▸ TASK DETAILS
Each line below from the "高版本出厂 Celine～赛琳F052 2026ss思琳夏季最新爆款复古风凯旋门高跟凉鞋" line through the "Левитирующая фоторамка с-образная" line, those two included, must be restated word for word; the pictures must not be.

════════

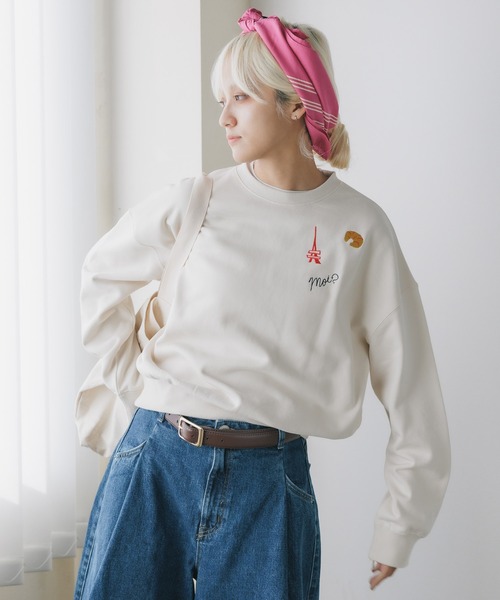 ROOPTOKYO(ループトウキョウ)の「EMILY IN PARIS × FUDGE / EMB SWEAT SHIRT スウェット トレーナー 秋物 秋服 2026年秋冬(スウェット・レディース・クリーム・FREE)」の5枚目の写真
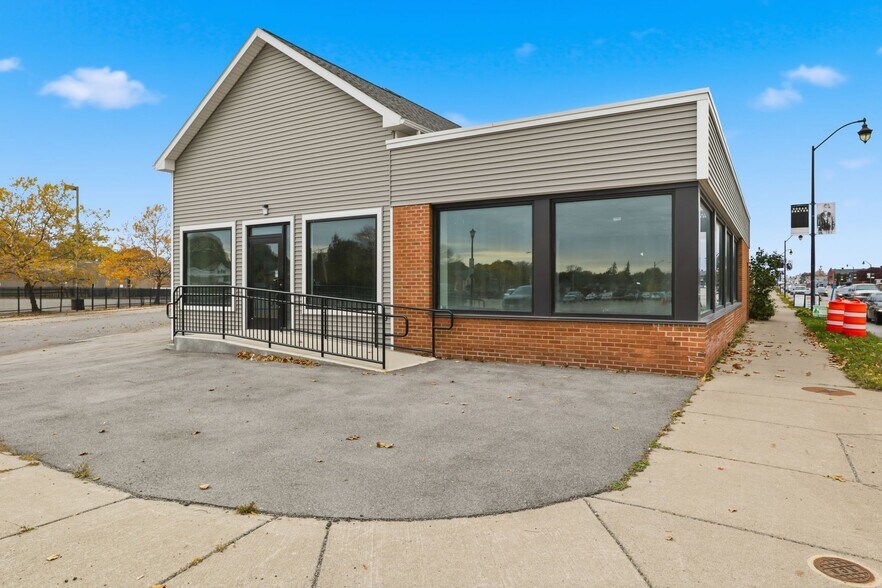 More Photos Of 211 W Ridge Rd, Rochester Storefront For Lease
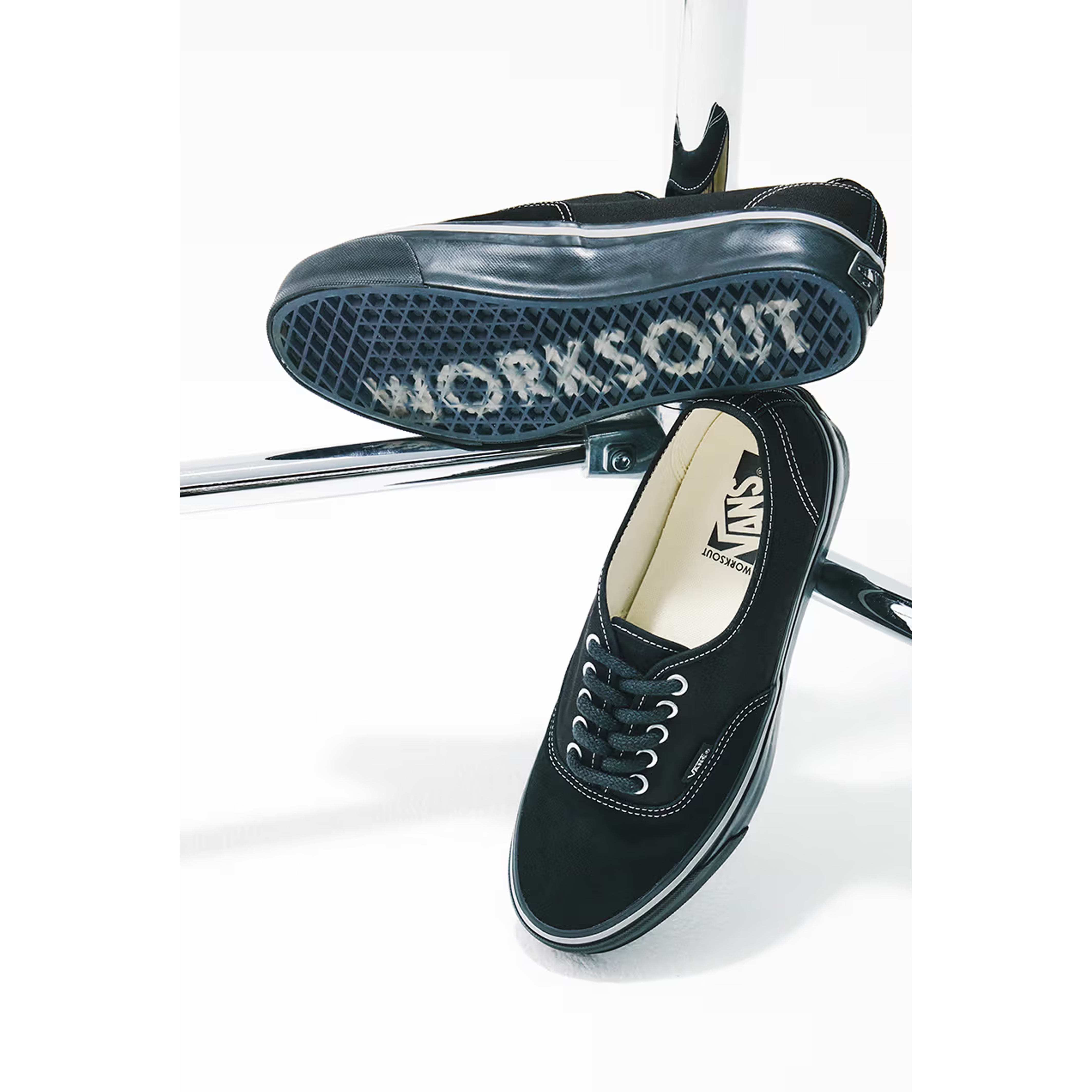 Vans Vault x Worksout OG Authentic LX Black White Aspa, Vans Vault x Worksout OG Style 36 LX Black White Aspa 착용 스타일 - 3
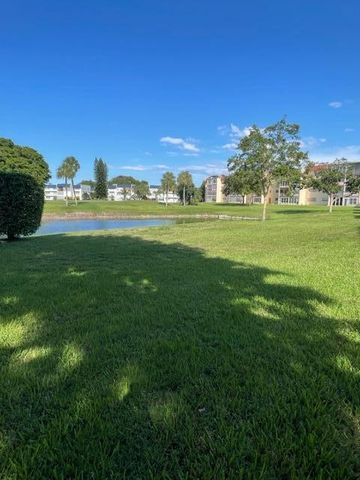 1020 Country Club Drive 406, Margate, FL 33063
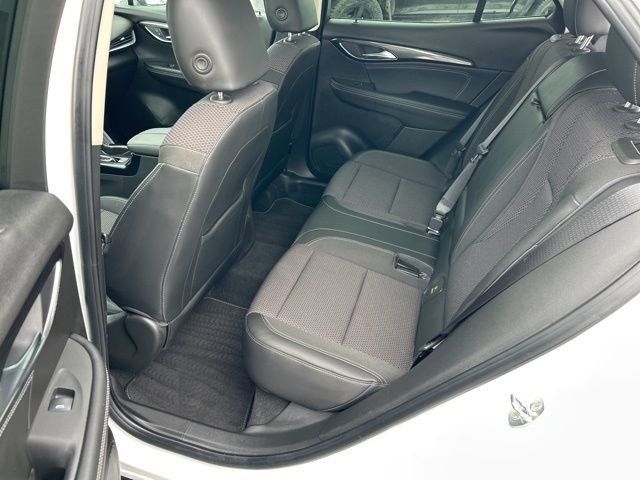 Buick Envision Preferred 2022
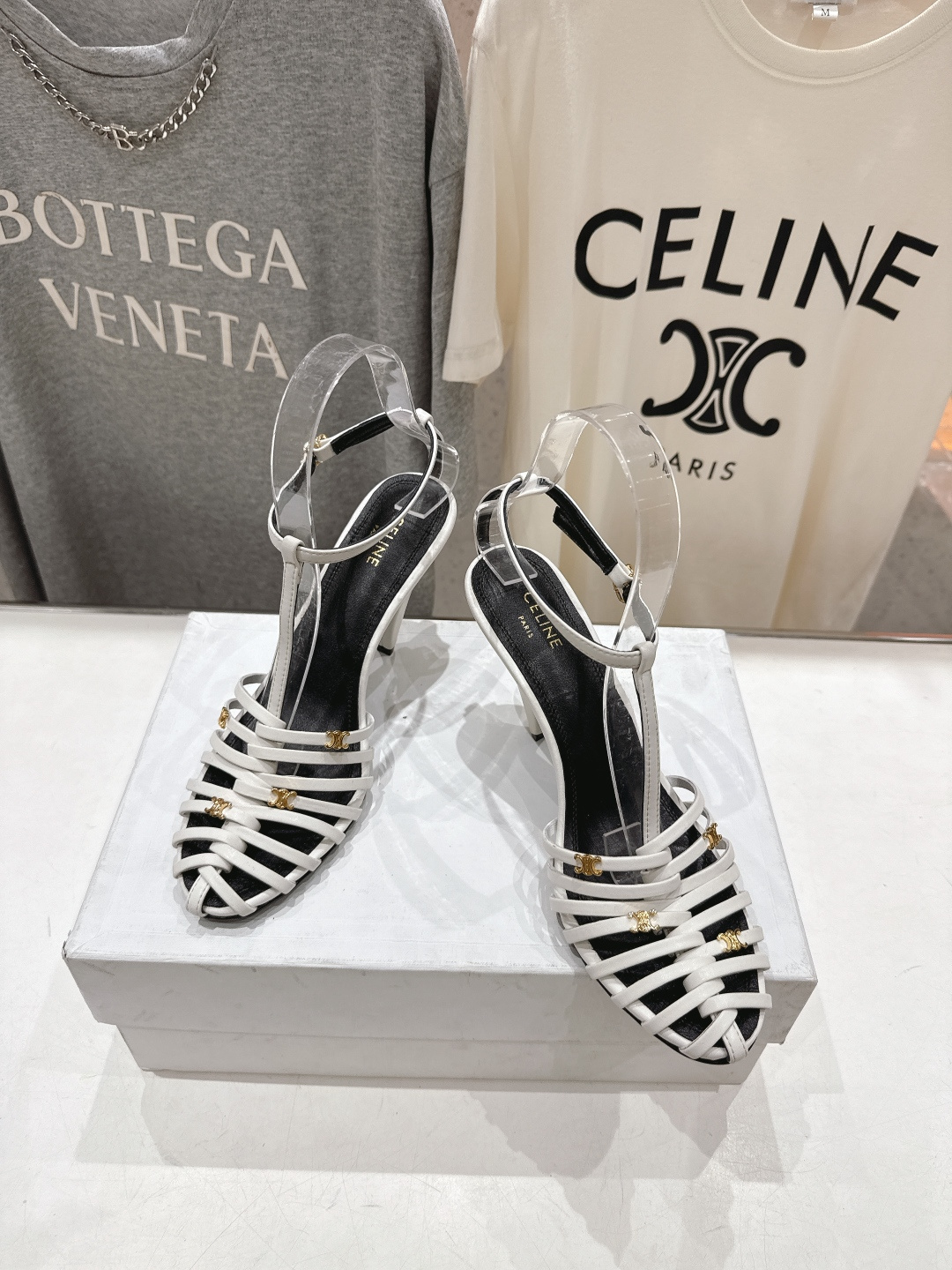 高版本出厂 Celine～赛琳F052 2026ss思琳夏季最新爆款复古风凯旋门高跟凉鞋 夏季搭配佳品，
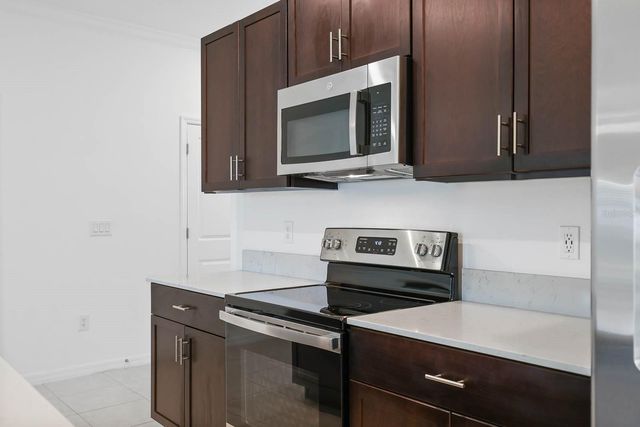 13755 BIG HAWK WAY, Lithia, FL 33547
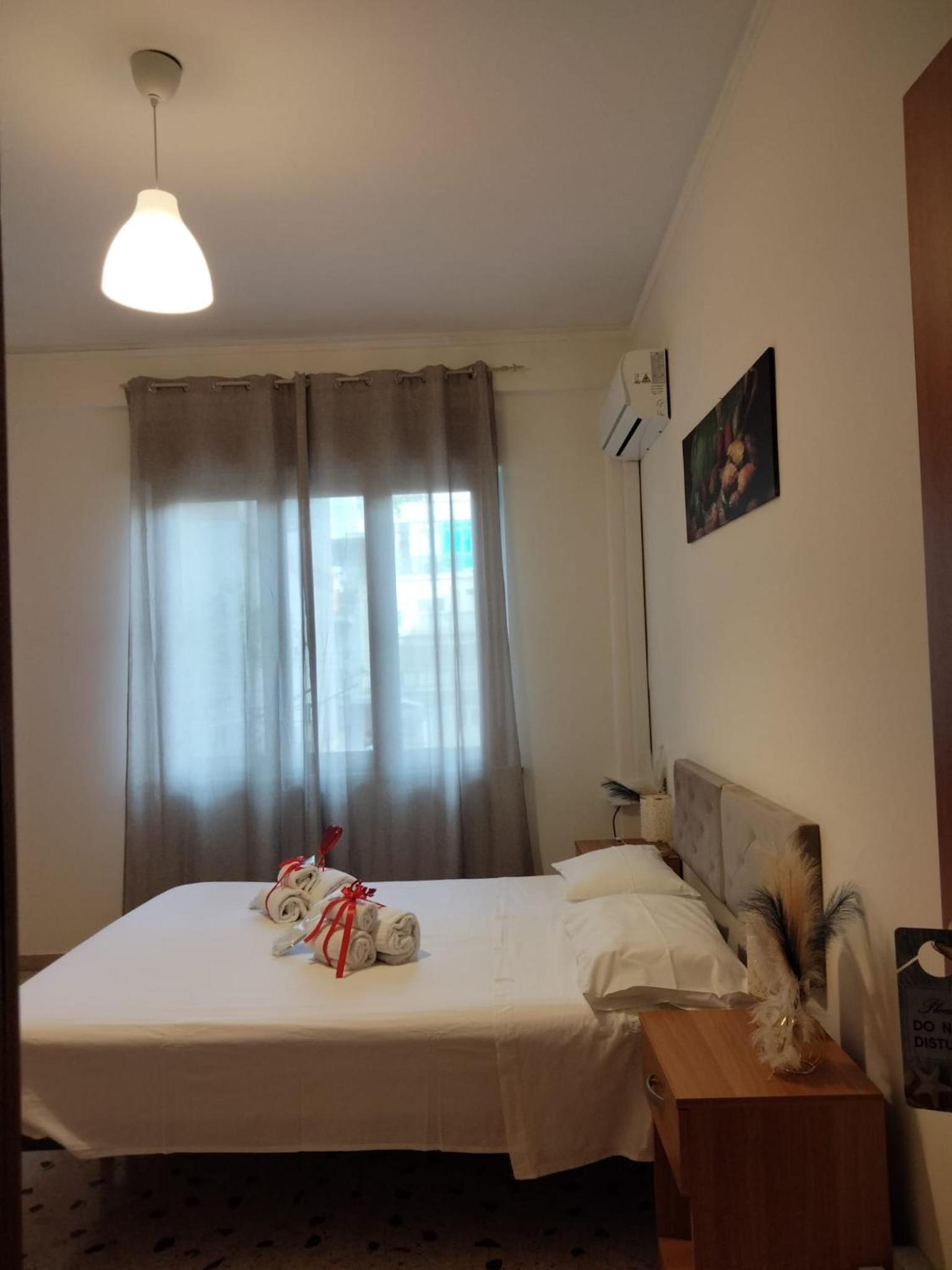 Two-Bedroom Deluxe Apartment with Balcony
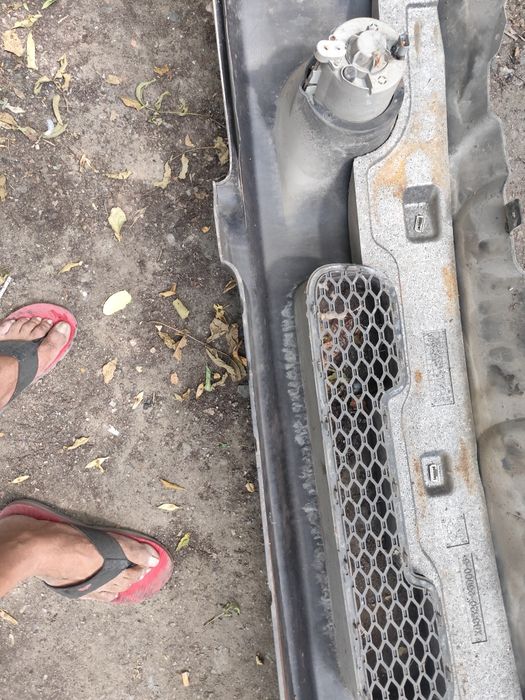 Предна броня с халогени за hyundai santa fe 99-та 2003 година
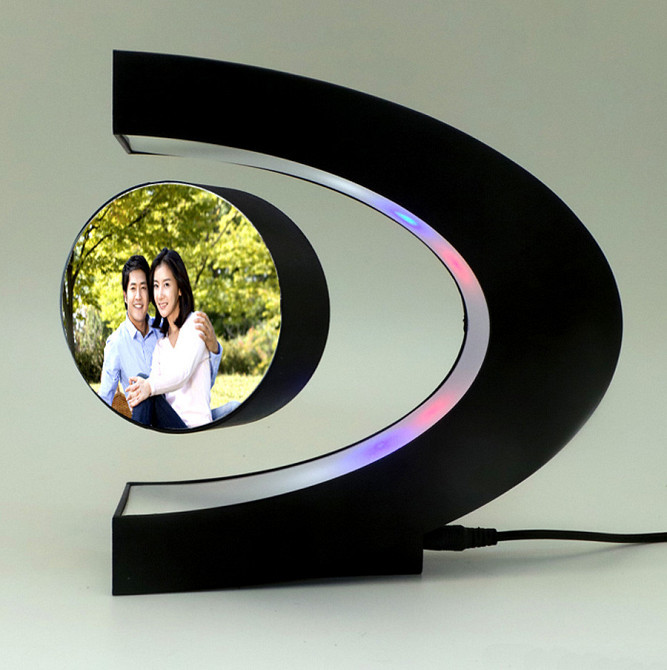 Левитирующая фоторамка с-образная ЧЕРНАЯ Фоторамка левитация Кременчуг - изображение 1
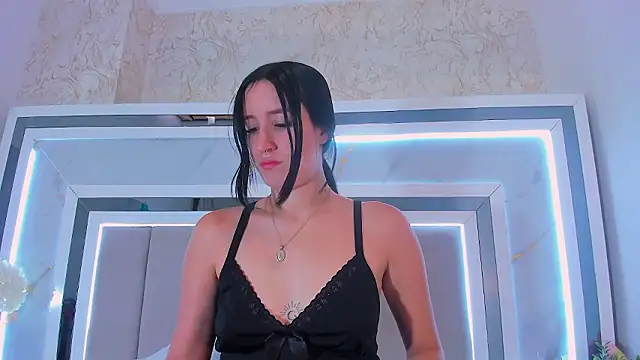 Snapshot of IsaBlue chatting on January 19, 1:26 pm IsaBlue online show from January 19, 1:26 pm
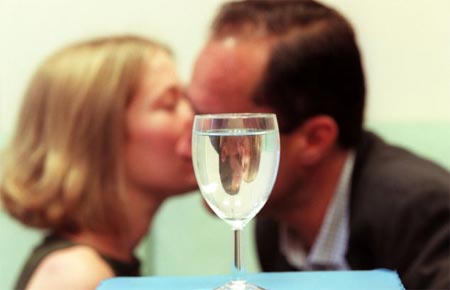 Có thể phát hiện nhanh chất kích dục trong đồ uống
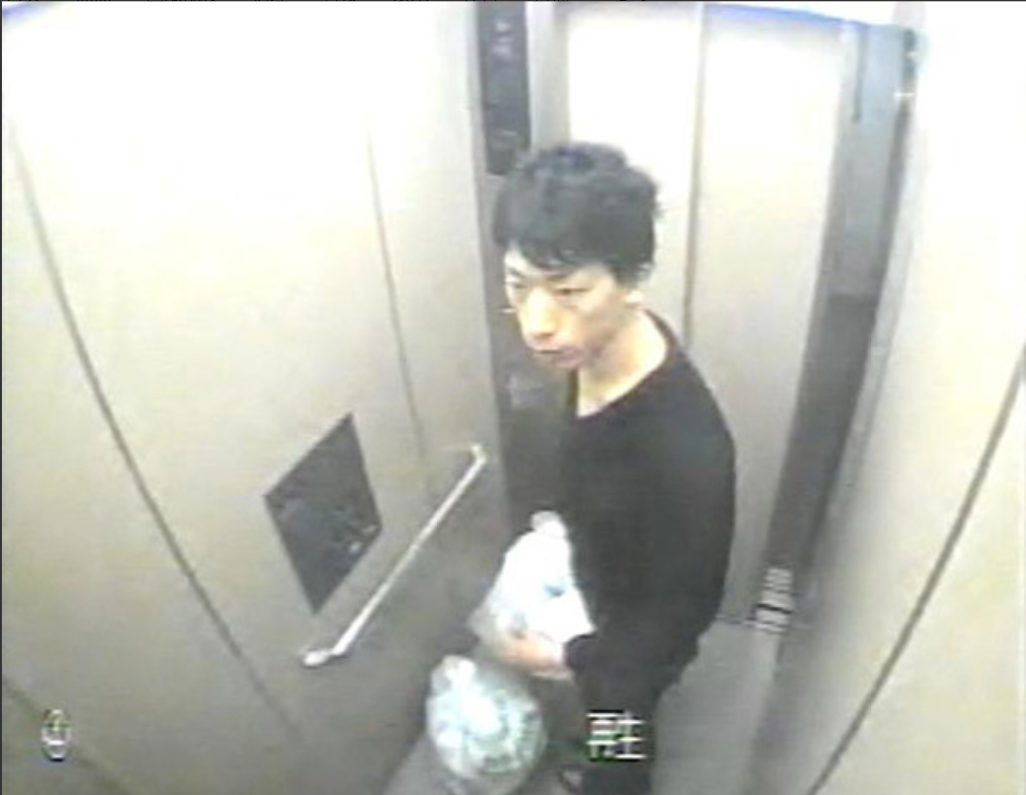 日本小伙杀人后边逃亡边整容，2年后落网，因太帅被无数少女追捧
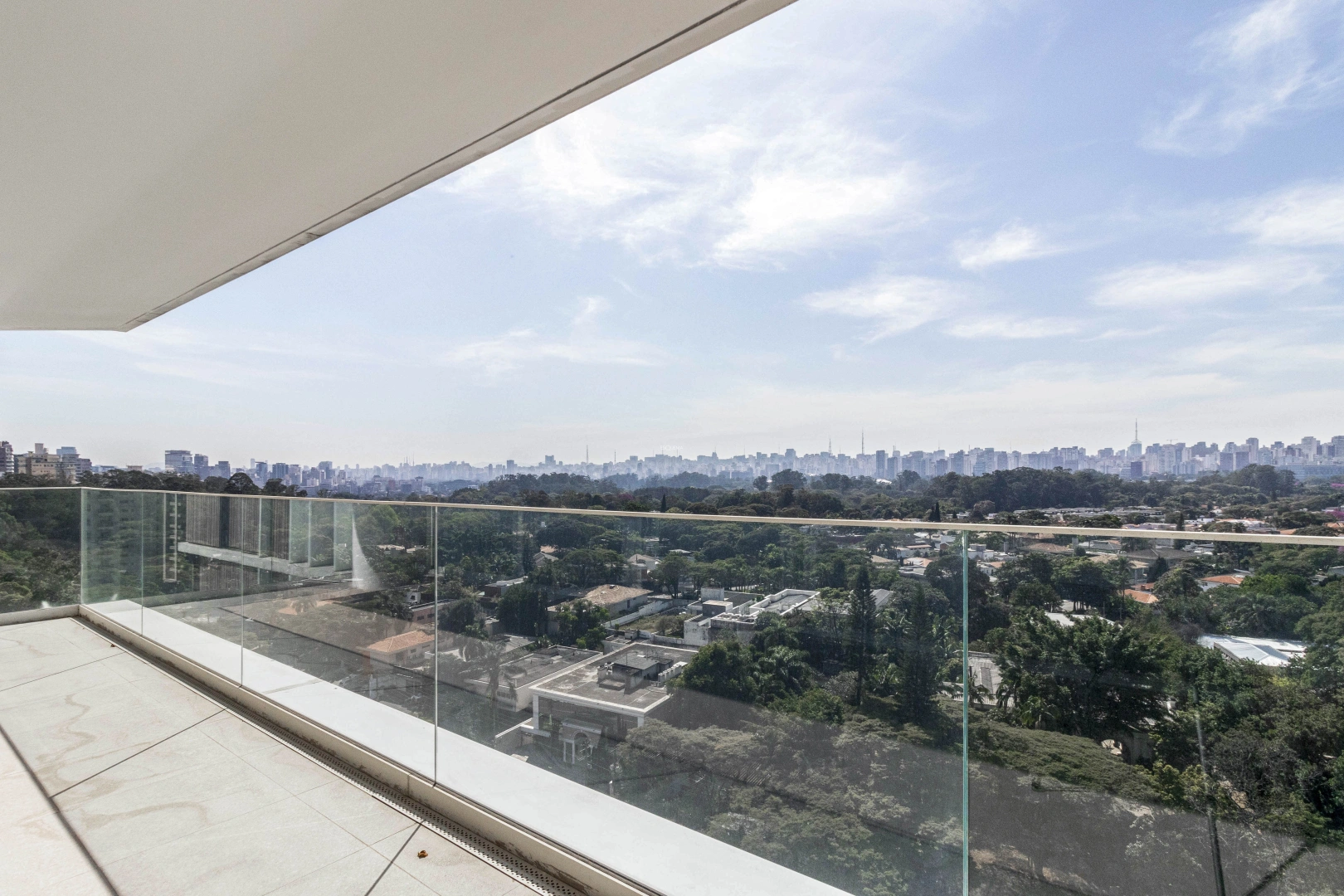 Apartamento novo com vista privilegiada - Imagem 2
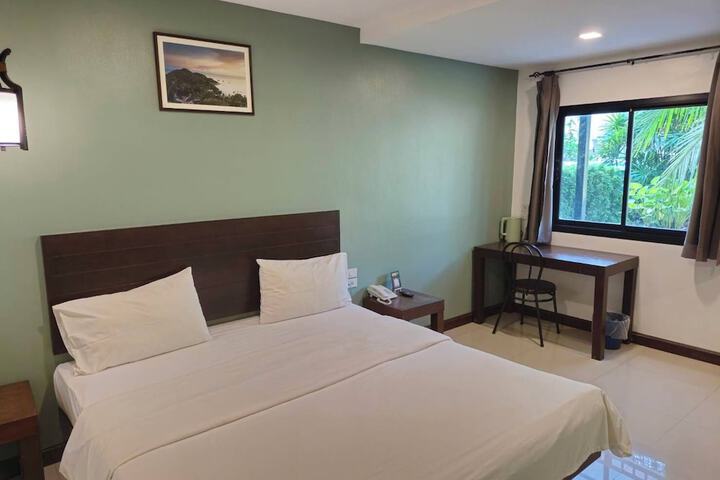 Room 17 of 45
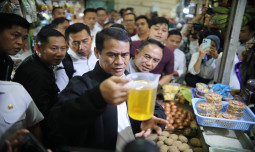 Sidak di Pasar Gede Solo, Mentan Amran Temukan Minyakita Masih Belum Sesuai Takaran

════════

▸ EXERCISE OUTPUT
 高版本出厂 Celine～赛琳F052 2026ss思琳夏季最新爆款复古风凯旋门高跟凉鞋 夏季搭配佳品，
 13755 BIG HAWK WAY, Lithia, FL 33547
 Two-Bedroom Deluxe Apartment with Balcony
 Предна броня с халогени за hyundai santa fe 99-та 2003 година
 Левитирующая фоторамка с-образная ЧЕРНАЯ Фоторамка левитация Кременчуг - изображение 1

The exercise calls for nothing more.